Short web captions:
********************

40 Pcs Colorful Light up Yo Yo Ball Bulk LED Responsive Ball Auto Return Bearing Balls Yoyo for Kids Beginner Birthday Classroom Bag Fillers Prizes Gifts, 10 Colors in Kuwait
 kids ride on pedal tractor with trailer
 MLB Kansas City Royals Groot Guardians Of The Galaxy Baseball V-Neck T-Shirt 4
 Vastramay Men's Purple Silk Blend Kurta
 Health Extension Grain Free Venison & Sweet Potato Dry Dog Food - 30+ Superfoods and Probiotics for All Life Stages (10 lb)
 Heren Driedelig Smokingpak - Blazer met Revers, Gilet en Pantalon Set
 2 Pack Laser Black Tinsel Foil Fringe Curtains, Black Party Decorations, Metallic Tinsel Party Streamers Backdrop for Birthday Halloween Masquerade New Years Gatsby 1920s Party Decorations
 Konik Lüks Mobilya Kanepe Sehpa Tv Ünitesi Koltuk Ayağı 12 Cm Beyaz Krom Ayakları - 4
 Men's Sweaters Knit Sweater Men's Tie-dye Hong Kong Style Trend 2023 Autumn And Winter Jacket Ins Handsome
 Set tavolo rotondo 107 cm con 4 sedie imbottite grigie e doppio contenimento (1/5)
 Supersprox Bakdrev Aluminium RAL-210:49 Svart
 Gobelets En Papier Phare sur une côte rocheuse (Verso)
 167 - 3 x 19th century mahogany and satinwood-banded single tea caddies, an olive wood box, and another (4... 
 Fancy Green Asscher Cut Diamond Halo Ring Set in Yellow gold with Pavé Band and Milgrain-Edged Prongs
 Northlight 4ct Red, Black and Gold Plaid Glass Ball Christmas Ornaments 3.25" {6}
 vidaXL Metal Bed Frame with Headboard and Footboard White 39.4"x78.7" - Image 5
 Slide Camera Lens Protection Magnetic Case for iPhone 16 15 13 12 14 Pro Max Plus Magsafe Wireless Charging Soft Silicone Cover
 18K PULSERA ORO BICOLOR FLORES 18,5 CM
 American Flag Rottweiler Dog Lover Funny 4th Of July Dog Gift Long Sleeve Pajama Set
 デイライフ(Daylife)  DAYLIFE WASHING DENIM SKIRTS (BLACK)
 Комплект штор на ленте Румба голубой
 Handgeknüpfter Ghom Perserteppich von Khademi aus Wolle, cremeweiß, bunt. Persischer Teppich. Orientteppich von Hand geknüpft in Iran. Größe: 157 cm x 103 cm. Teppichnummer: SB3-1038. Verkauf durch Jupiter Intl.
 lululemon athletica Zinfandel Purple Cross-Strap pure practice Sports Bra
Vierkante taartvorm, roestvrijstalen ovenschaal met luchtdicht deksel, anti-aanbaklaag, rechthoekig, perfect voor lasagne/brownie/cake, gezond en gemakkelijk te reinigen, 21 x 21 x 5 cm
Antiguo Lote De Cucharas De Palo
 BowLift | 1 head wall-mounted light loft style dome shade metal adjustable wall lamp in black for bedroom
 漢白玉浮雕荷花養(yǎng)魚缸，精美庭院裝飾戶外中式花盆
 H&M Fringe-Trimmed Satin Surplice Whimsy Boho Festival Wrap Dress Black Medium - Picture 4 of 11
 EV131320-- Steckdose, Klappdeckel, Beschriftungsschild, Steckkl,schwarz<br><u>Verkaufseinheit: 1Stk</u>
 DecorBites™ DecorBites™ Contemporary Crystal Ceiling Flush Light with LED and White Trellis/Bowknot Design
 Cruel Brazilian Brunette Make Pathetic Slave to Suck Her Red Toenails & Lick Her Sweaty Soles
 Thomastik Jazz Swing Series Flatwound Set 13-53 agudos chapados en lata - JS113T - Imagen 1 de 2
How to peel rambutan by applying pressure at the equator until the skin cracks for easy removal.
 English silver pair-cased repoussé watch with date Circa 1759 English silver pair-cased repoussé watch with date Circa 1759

********************

Required work: Look above for the line that contains "Thomastik Jazz Swing". That line and every line after it through the end of the data must be written out exactly, with nothing else.

Task result:
 Thomastik Jazz Swing Series Flatwound Set 13-53 agudos chapados en lata - JS113T - Imagen 1 de 2
How to peel rambutan by applying pressure at the equator until the skin cracks for easy removal.
 English silver pair-cased repoussé watch with date Circa 1759 English silver pair-cased repoussé watch with date Circa 1759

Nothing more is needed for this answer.